··· RAW DATA ···

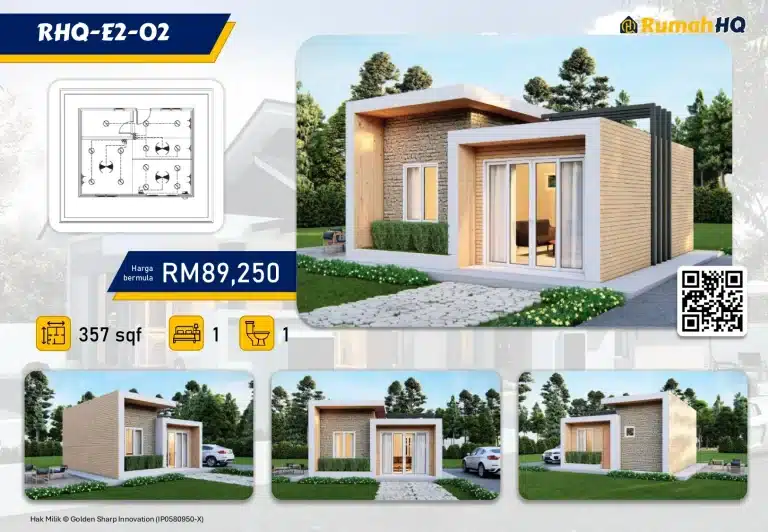 RHQ-E2-02 6 Modern compact house design with floor plan, 357 sqft, 1 bedroom, 1 bathroom, price starting RM89,250.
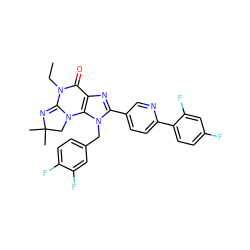 CCN1C(=O)c2nc(-c3ccc(-c4ccc(F)cc4F)nc3)n(Cc3ccc(F)c(F)c3)c2N2CC(C)(C)N=C12 ZINC000073158213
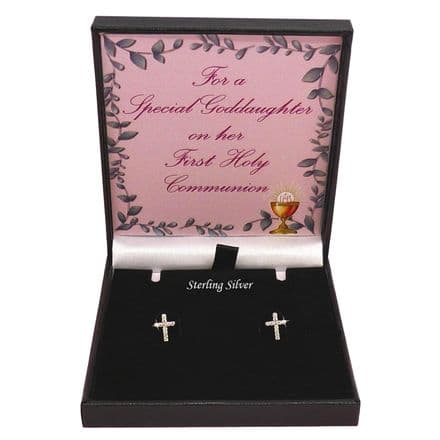 First Holy Communion Gift, .925 Sterling Silver and CZ Crystal Cross Stud Earrings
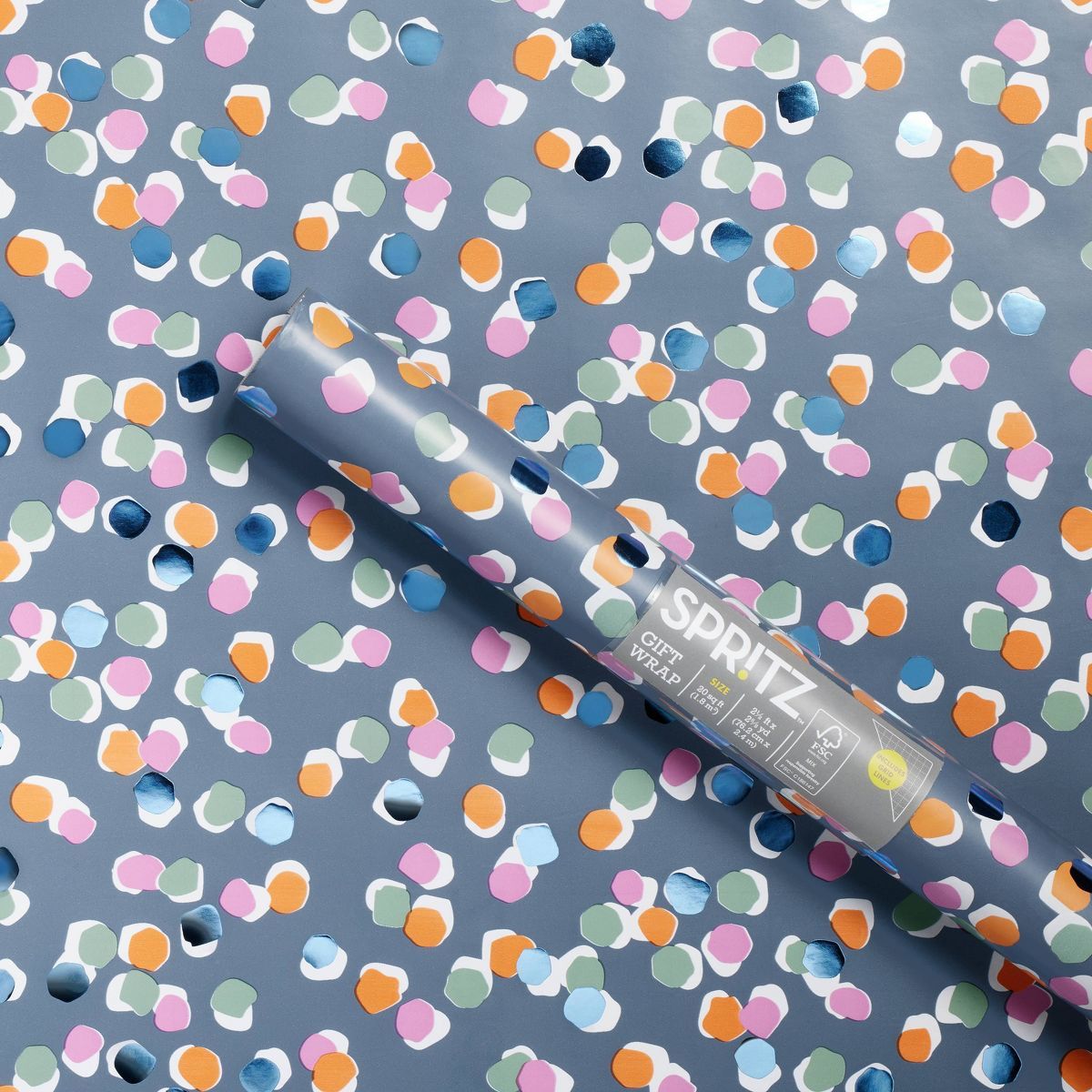 Dots with Blue Foil on Navy Roll Wrap - Spritz™ | Target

···

*AIM OF THE TASK*:
Write out, with no pictures, only the lines from the line containing "First Holy Communion" through the last line of the listing above, exactly and with both ends included.

*OUTPUT OF THE EXERCISE*:
 First Holy Communion Gift, .925 Sterling Silver and CZ Crystal Cross Stud Earrings
 Dots with Blue Foil on Navy Roll Wrap - Spritz™ | Target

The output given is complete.